European Case Law Identifier: ECLI:AT:OGH0002:2023:0010OB00146.22K.0523.000

Rechtsgebiet: Zivilrecht

 

Spruch:

I. Die Eingabe der klagenden Partei vom 18. 7. 2022 wird zurückgewiesen.

II. Der außerordentlichen Revision wird Folge gegeben.

Die Entscheidungen der Vorinstanzen werden aufgehoben. Die Rechtssache wird an das Erstgericht zur neuerlichen Entscheidung nach Verfahrensergänzung zurückverwiesen.

Die Kosten des Revisionsverfahrens sind weitere Verfahrenskosten.

III. Die Revisionsbeantwortung der erstbeklagten Partei vom 2. 3. 2023 wird zurückgewiesen.

 

Begründung:

I. Zum Zurückweisungsbeschluss:

[1] Der Kläger brachte nach Vorliegen der Entscheidung des Europäischen Gerichtshofs einen Schriftsatz ein, der vom Obersten Gerichtshof weder aufgetragen noch freigestellt wurde, sodass er zurückzuweisen ist.

II. Zur Sache

[2] Der Kläger kaufte am 16. 10. 2017 von der Erstbeklagten (die keine „M*-Vertragshändlerin“ ist) ein am 18. 9. 2014 erstzugelassenes Fahrzeug der Marke M* „BlueTEC“ der Zustandsklasse 2 mit einem Kilometerstand von 53.200 um 52.900 EUR. In diesem (von der Zweitbeklagten hergestellten) Fahrzeug ist ein Dieselmotor des Typs OM 642 verbaut. Das Fahrzeug sollte der Abgasnorm Euro 6 entsprechen und einen NOx-Grenzwert von 80 mg/km einhalten. Es ist von einem (nicht rechtskräftigen) Rückrufbescheid des deutschen Kraftfahrt-Bundesamtes (KBA) betroffen.

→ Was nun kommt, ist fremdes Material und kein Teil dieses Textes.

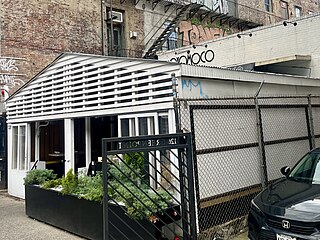 <span class="mw-page-title-main">Oxomoco (restaurant)</span> Mexican restaurant in New York City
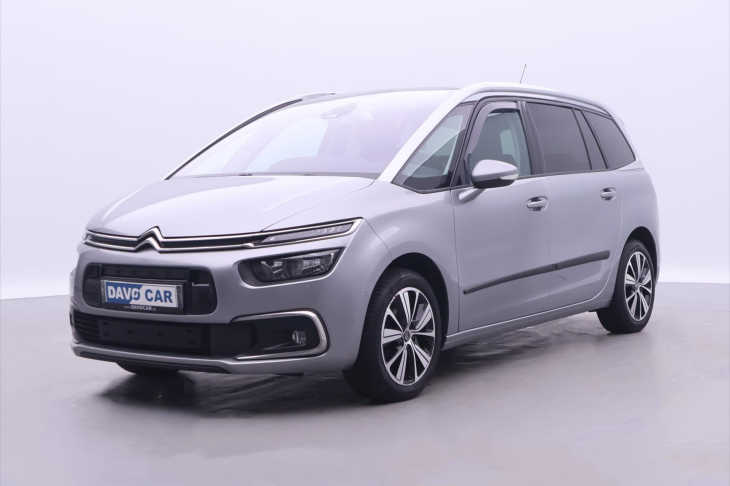 Citroën Grand C4 SpaceTourer 1,5 HDI 96kW Tažné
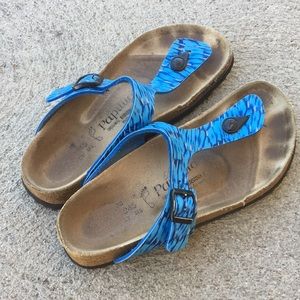 Birkenstock Papillon Flip Flop Sandals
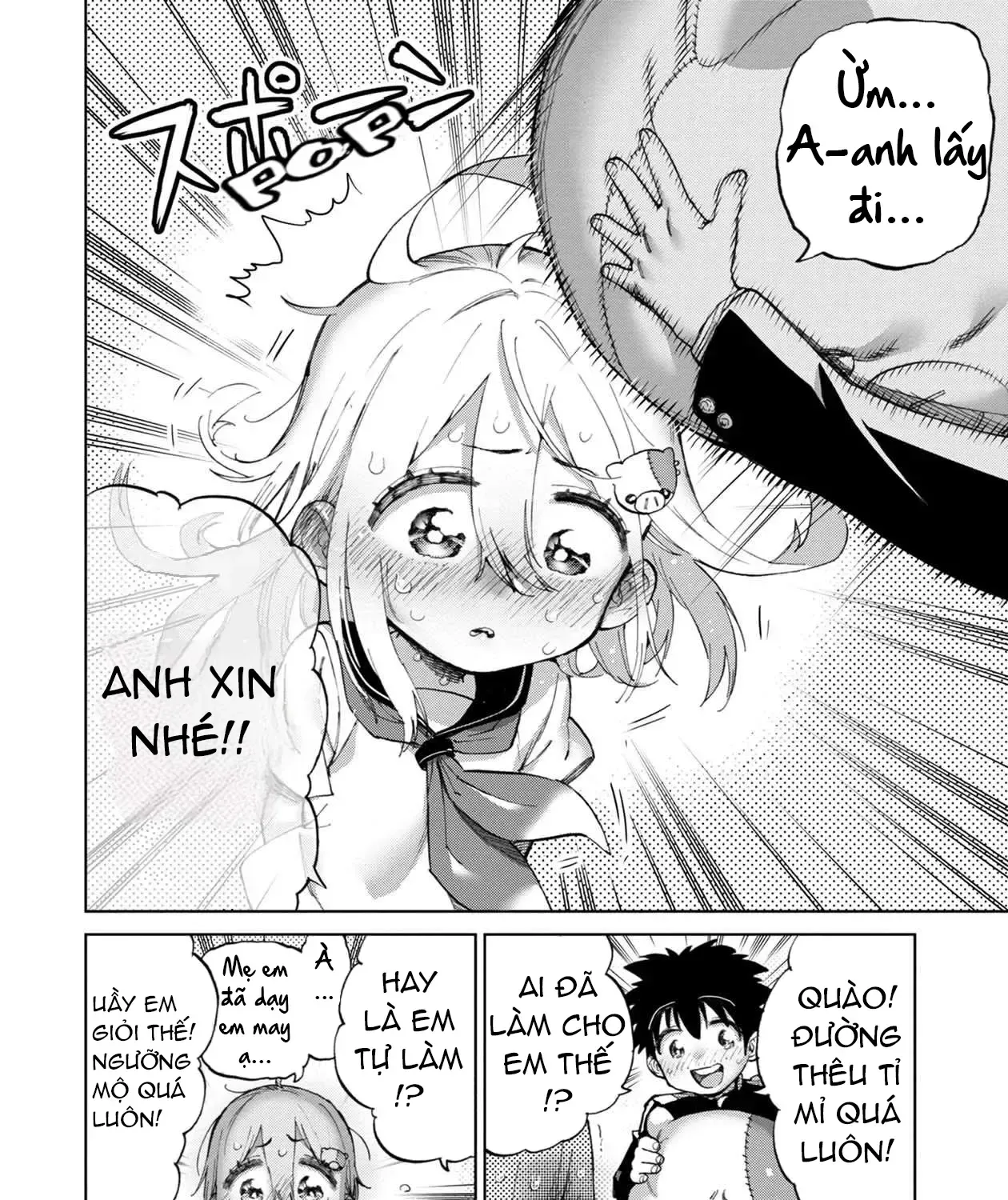 Tiểu Đường Ở Đảo Quái Dị Chap 1 - Next Chap 2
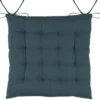 DUO GALETTE 16 POINTS 38X38X3.5CM COBALT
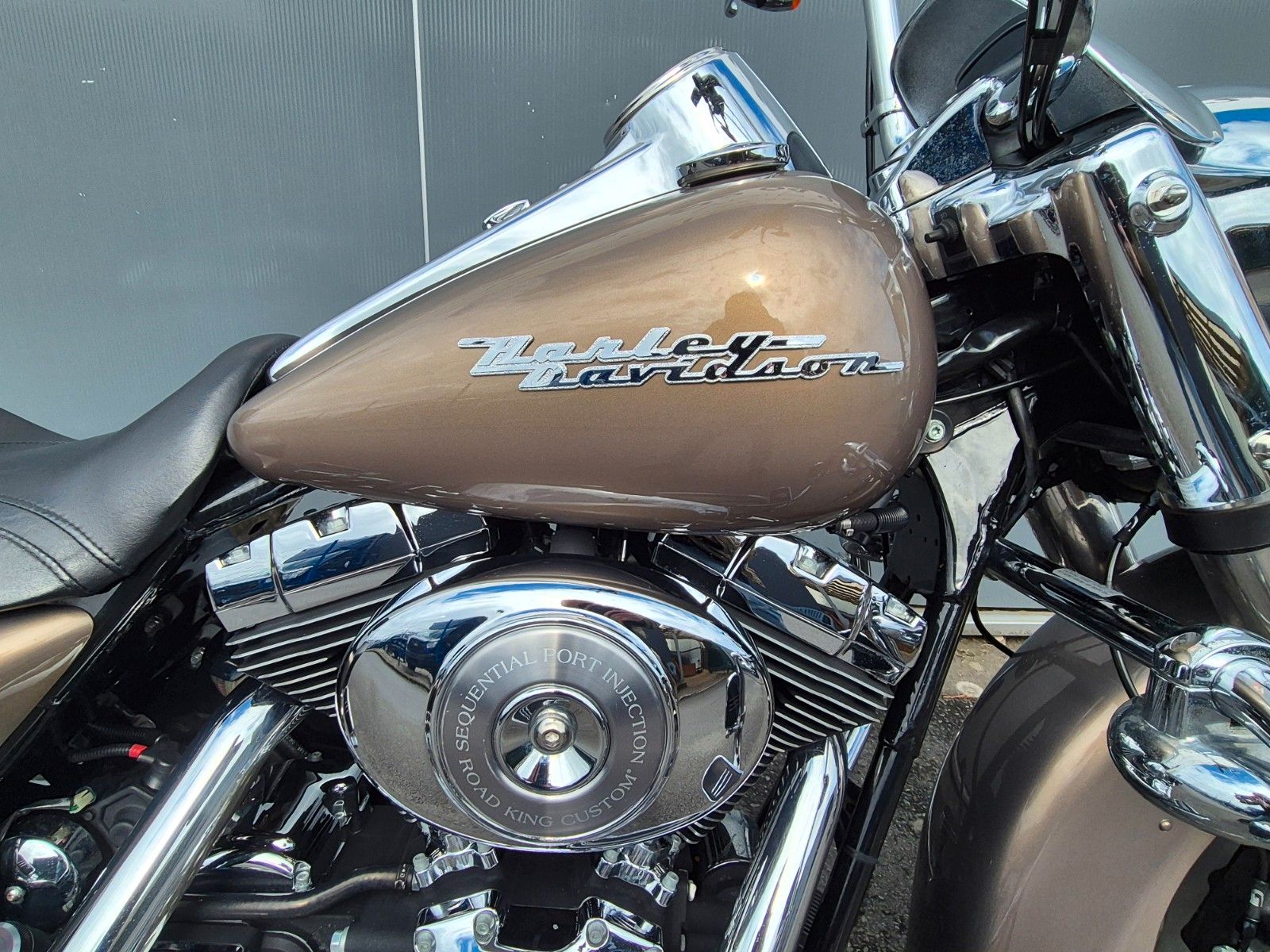 Fahrzeugabbildung Harley-Davidson FLHRSI °°ROAD KING CUSTOM°° -BIG BORE- *5HD*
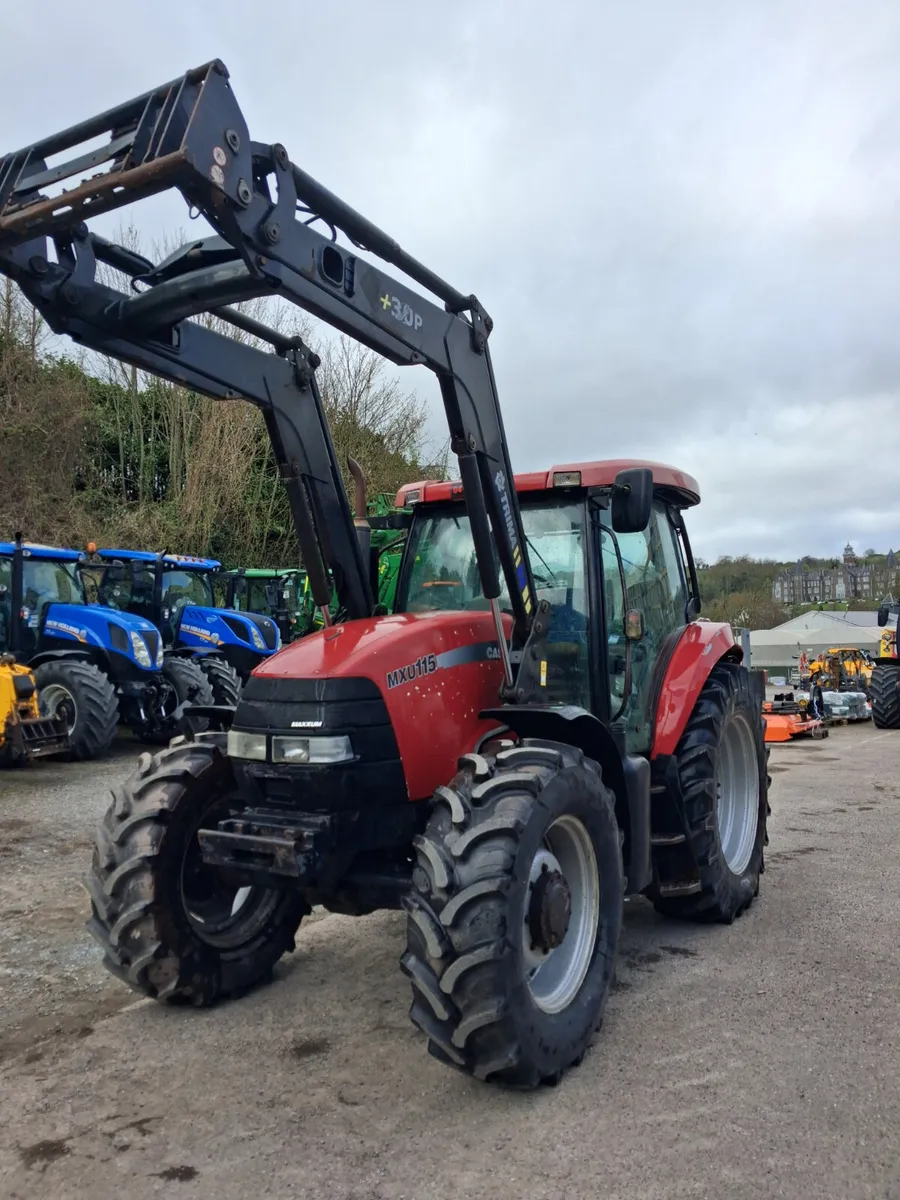 Case MXU 115 - Image 1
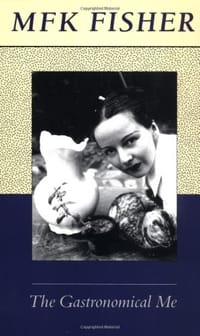 书籍 The Gastronomical Me的封面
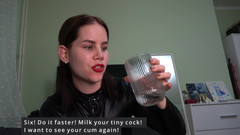 Anna Sky: 热辣女主人anna羞辱和支配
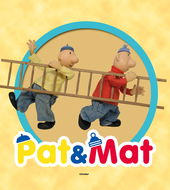 Pat a Mat - Elektronická kniha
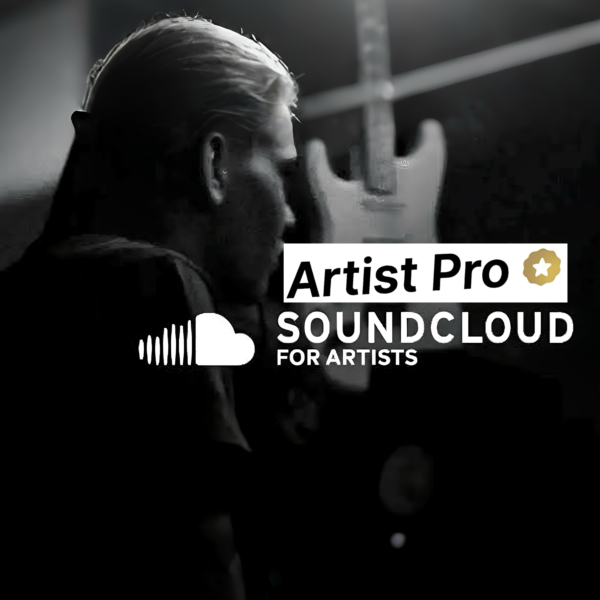 🎧 SoundCloud Artist Pro | 1/12 Месяц НА ВАШ АККАУНТ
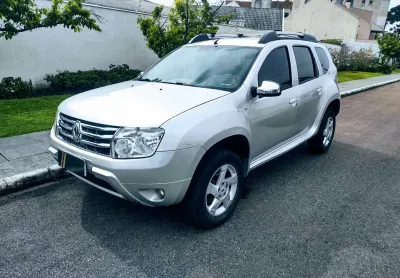 Duster dynamic 1.6 flex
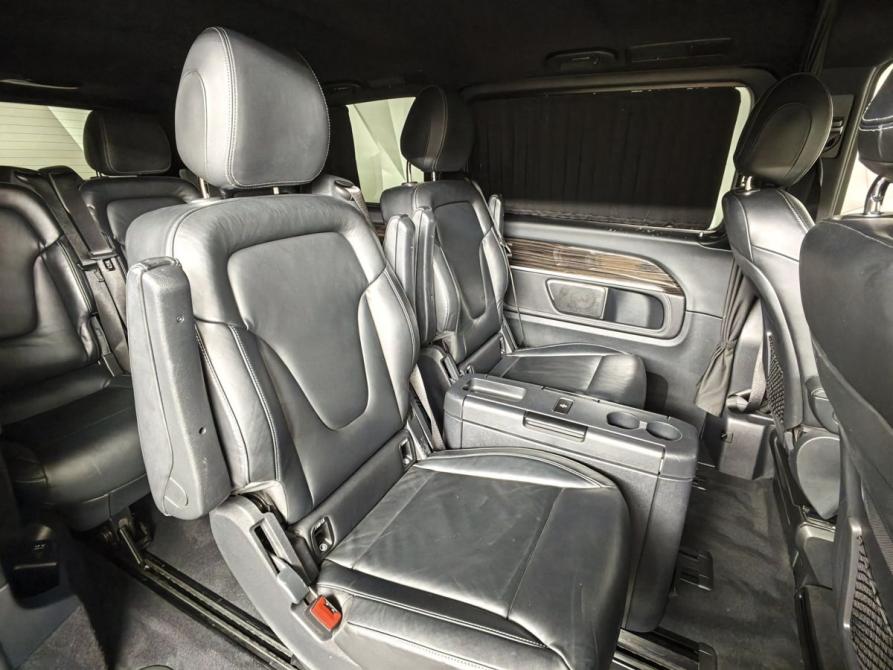 Mercedes-Benz V-Класс III (W447) Москва  - изображение 14
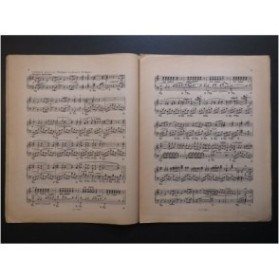 NAUWELAERS Gérard Sélection Printanière Piano ca1930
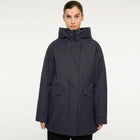 Kairi Winter Jacket night grey Elvine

[3] Der Kläger macht Ansprüche aus Schadenersatz, Gewährleistung und Vertragsanfechtung wegen Willensmangels gegenüber der Erstbeklagten und Schadenersatz gegenüber der Zweitbeklagten geltend. Er begehrt primär die Aufhebung des Kaufvertrags gegenüber der Erstbeklagten und gegenüber beiden Beklagten die Zahlung von 44.826,53 EUR (Kaufpreis von 52.900 EUR abzüglich 8.073,47 EUR Benützungsentgelt) samt Zinsen zur ungeteilten Hand, Zug um Zug gegen Rückgabe des Fahrzeugs. Hilfsweise begehrt er aus dem Titel der Preisminderung die Zahlung von 15.000 EUR, in eventu die Feststellung, dass die Beklagten zur ungeteilten Hand für jeden Schaden hafteten, der ihm aus dem Einbau der unzulässigen Abschalteinrichtung in dem Fahrzeug entstehe. Das Fahrzeug sei mangelhaft, weil darin mehrere unzulässige Abschalteinrichtungen verbaut worden seien, ohne die die gesetzlichen Grenzwerte beim NEFZ-Test nicht eingehalten worden wären und es keine Typisierung gegeben hätte. Die Abschalteinrichtungen würden den Prüfstand erkennen und sich auf das AGR-System (temperaturabhängige Abschalteinrichtung, die außerhalb des Temperaturbereichs von 11 bis 30 Grad Umgebungstemperatur die Funktionsweise verhindere) sowie das SCR-System („Slipguard-Funktion“) auswirken und eine Minderung des Systems temperatur-, geschwindigkeits- und beschleunigungsabhängig bewirken. Neben dem Abgasrückführungssystem sei das Fahrzeug mit einer AdBlue‑Einspritzung ausgestattet, um die NOx-Grenzwerte erfüllen zu können. Doch würden diese Grenzwerte nicht im Realbetrieb eingehalten, sei die Abgasreduzierung lediglich teilweise voll funktionsfähig und werde die Einspritzung außerhalb von 7 bis 30 Grad Celsius sowie über 120 km/h abgeschaltet. Etwaige Softwareupdates würden den Mangel der Überschreitung der NOx-Grenzwerte bzw die „Nichtkonformität“ mit geltendem EU-Recht nicht beseitigen.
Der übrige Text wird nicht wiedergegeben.